Your task = Using the data below, set down every line from the one containing "Opal birthstone stud" through the one containing "Sort sandal med to justerbare remme", inclusive and unchanged. Pictures are to be skipped.
BEGIN Records to process
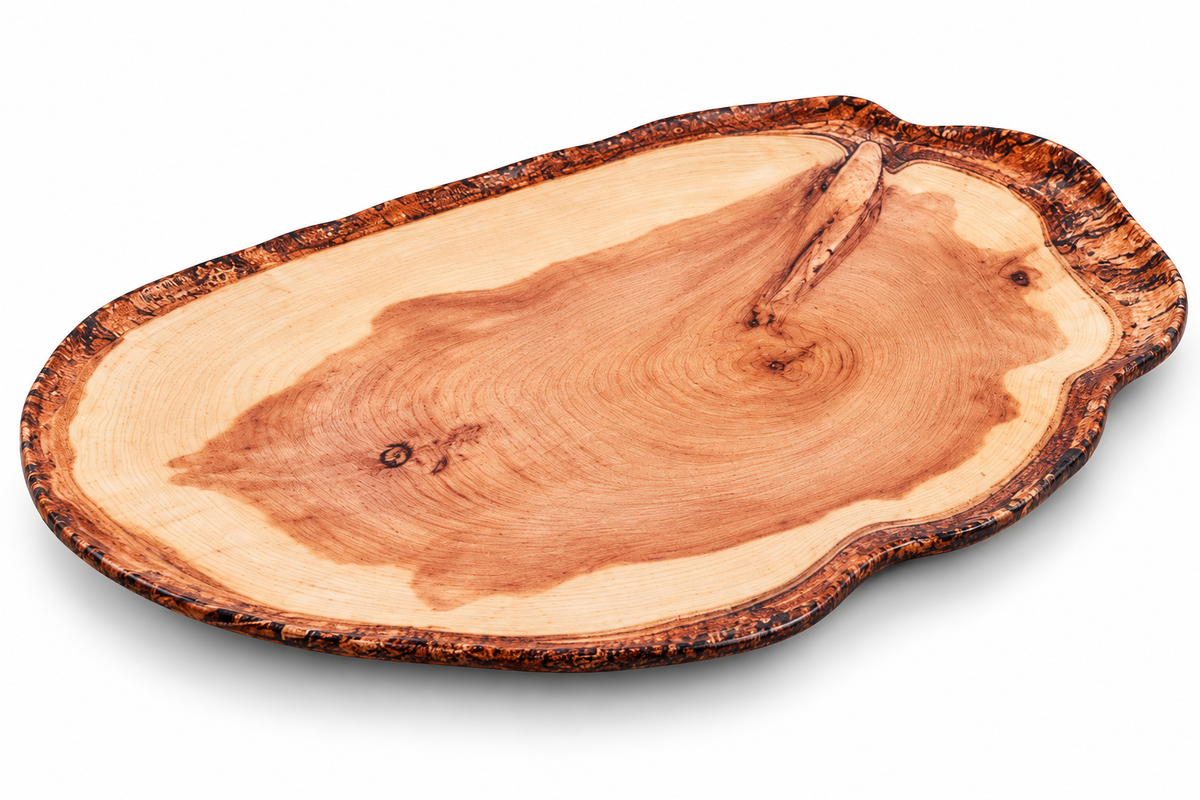Imported Food-Grade Melamine – 20.5” Wood-Grain Rectangular Platter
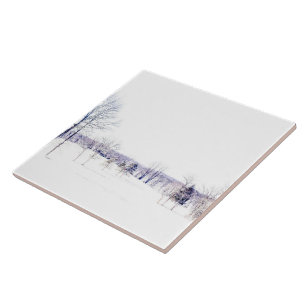 Azulejo De Cerâmica Paisagem de inverno de neve
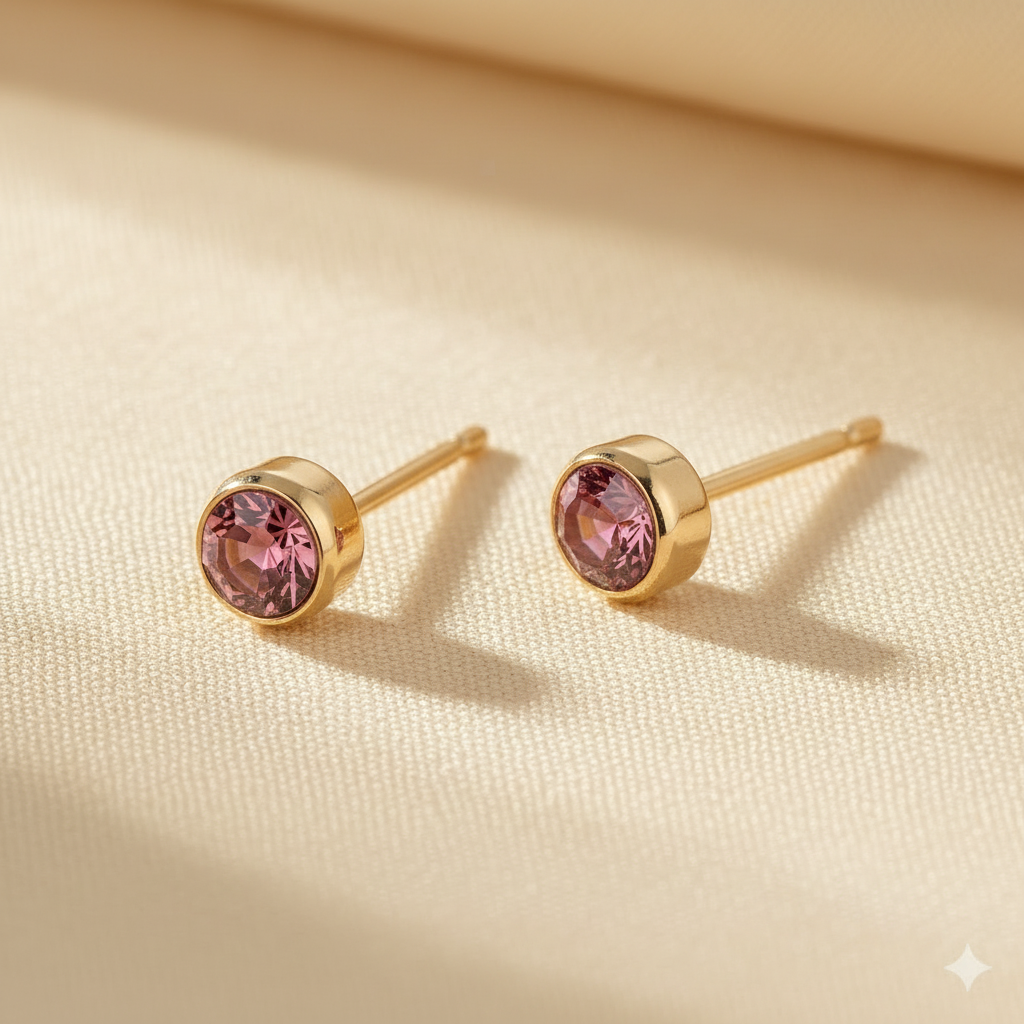 Opal birthstone stud earrings in gold-toned bezel. By Sophi.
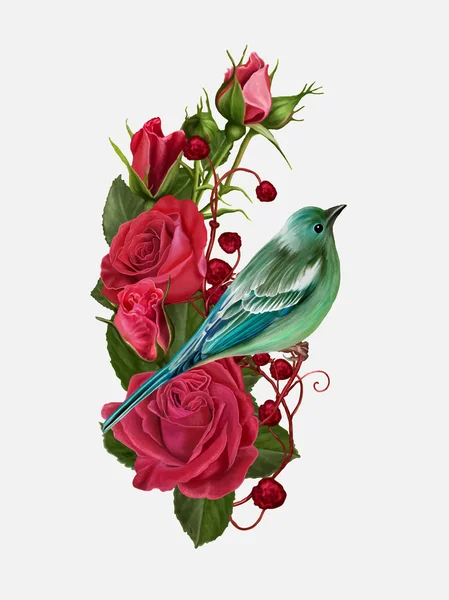 Голубая птица на ветке красных роз, векторная иллюстрация — стоковый вектор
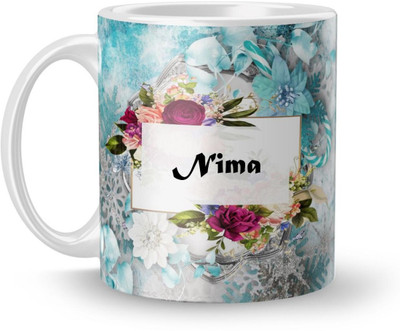 Beautum Name Nima Printed White Ceramic (350)ml Model No:BTNAMXYZ014664 Ceramic Coffee Mug(350 ml)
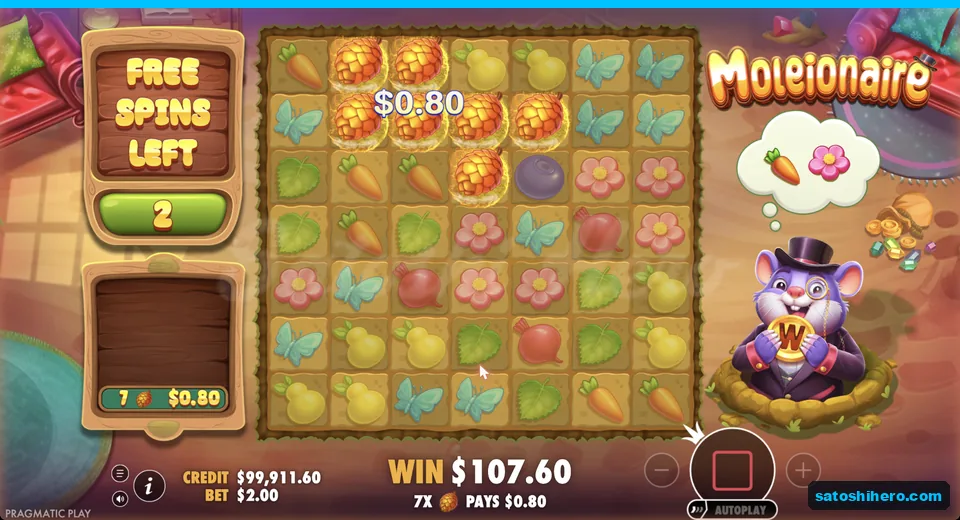 Free spins round shows 105.20 collected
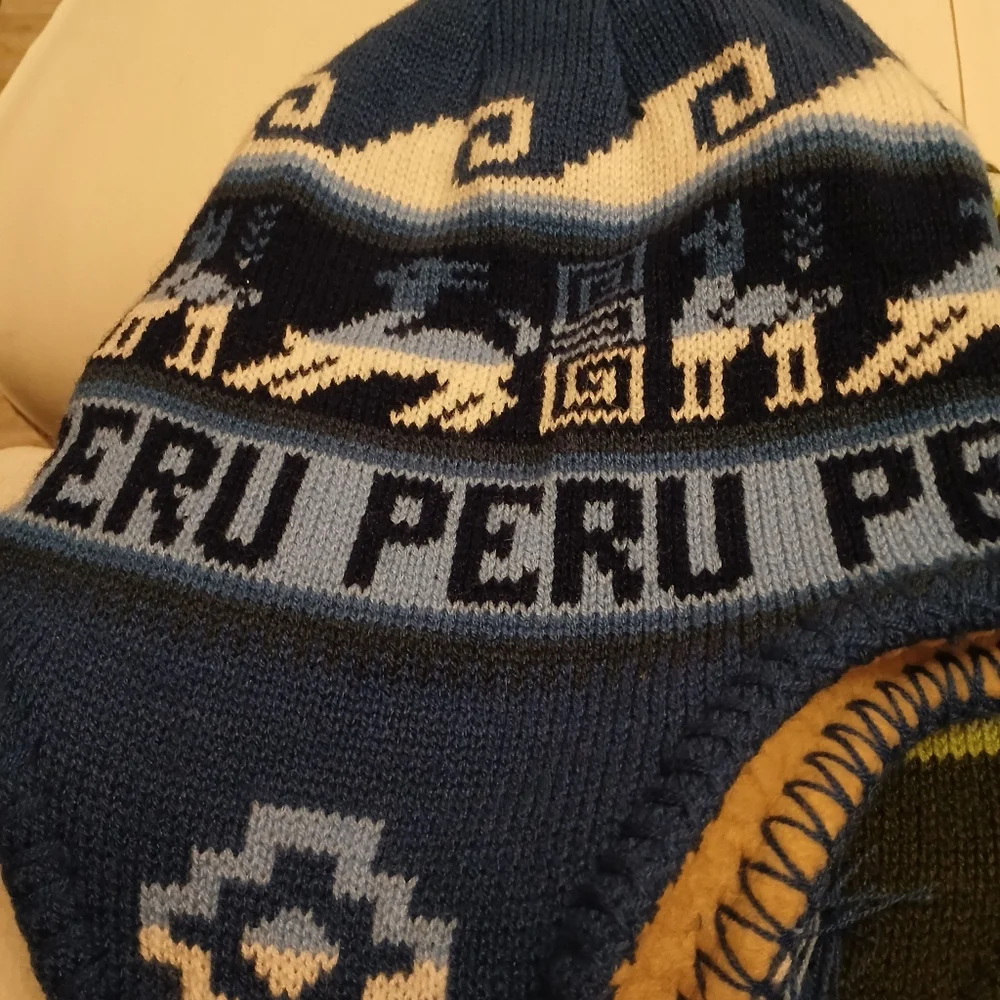 Unisex Womens Mens Winter Beanie Hat Logo PERU Blue New Lining - Picture 9 of 11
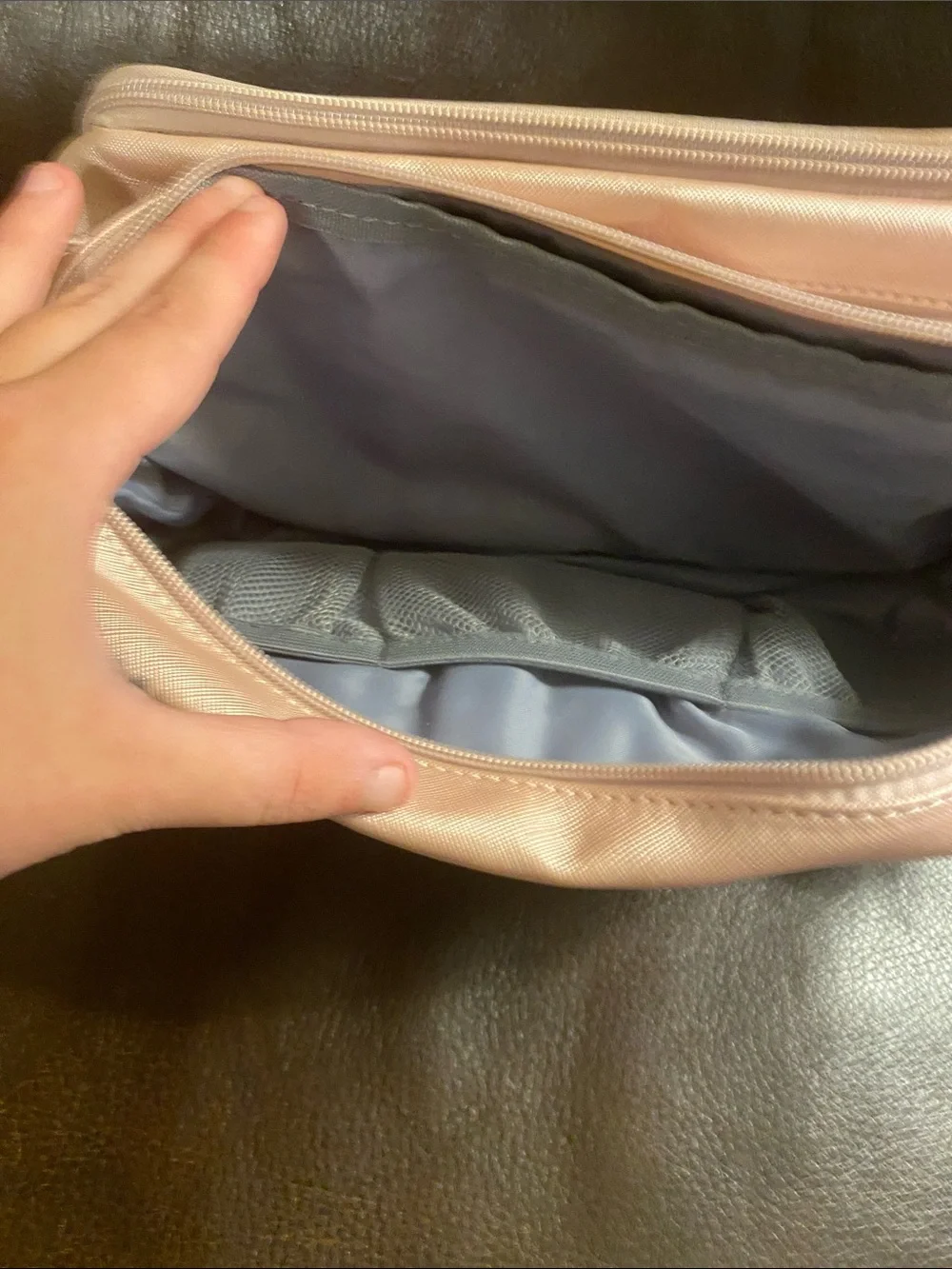 Classic Lightweight Pink Cosmetic Pouch with Gold Trim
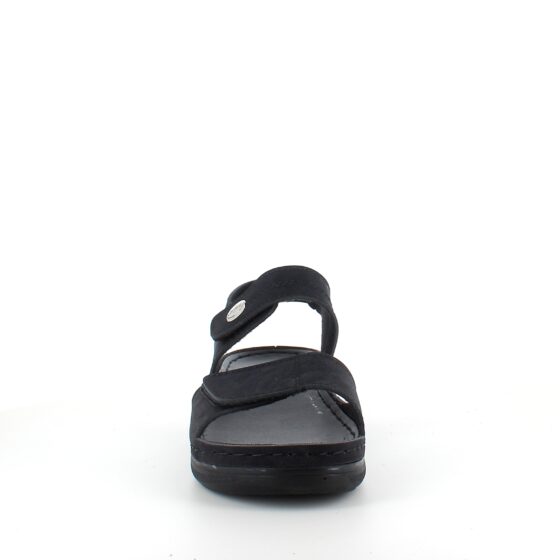 Sort sandal med to justerbare remme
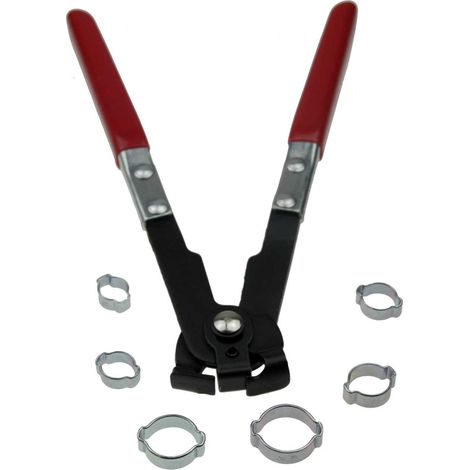 125 fascette stringitubo a 2 orecchie, assortimento di fascette da 8-20 mm e pinza per fascette, ideali per tubi di raffreddamento e tubi del carburante (1/3)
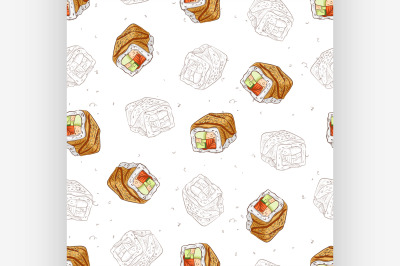 Sushi seamless pattern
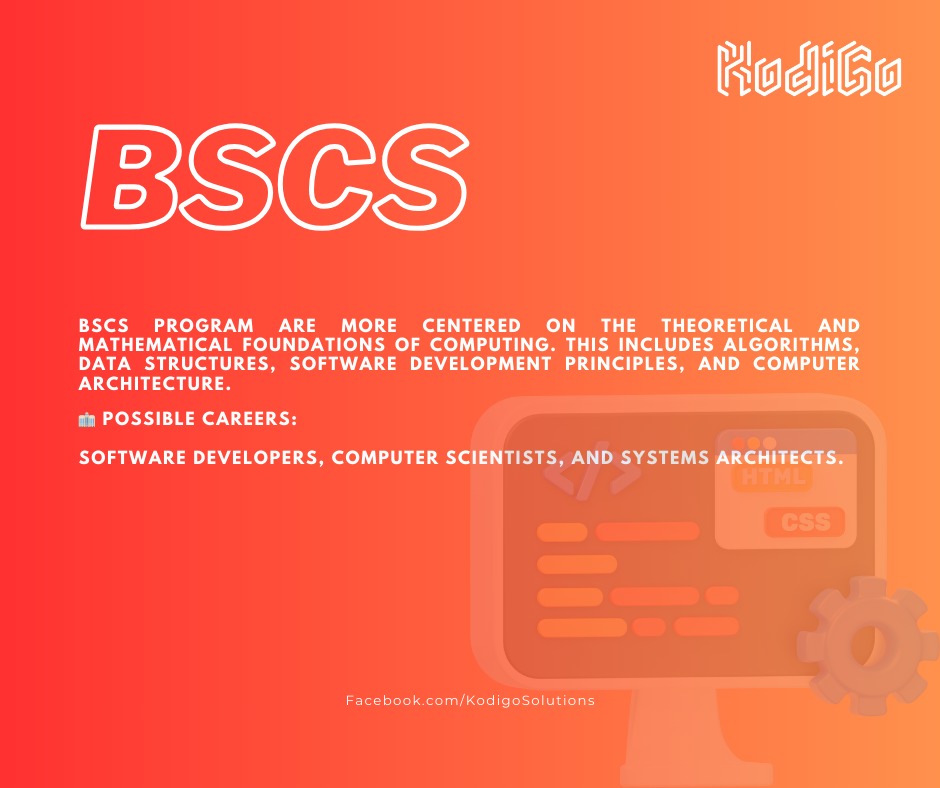 KodiGo - What is the difference between BSIT, BSCS, and BSIS?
END Records to process
Reply =
 Opal birthstone stud earrings in gold-toned bezel. By Sophi.
 Голубая птица на ветке красных роз, векторная иллюстрация — стоковый вектор
 Beautum Name Nima Printed White Ceramic (350)ml Model No:BTNAMXYZ014664 Ceramic Coffee Mug(350 ml)
 Free spins round shows 105.20 collected
 Unisex Womens Mens Winter Beanie Hat Logo PERU Blue New Lining - Picture 9 of 11
 Classic Lightweight Pink Cosmetic Pouch with Gold Trim
 Sort sandal med to justerbare remme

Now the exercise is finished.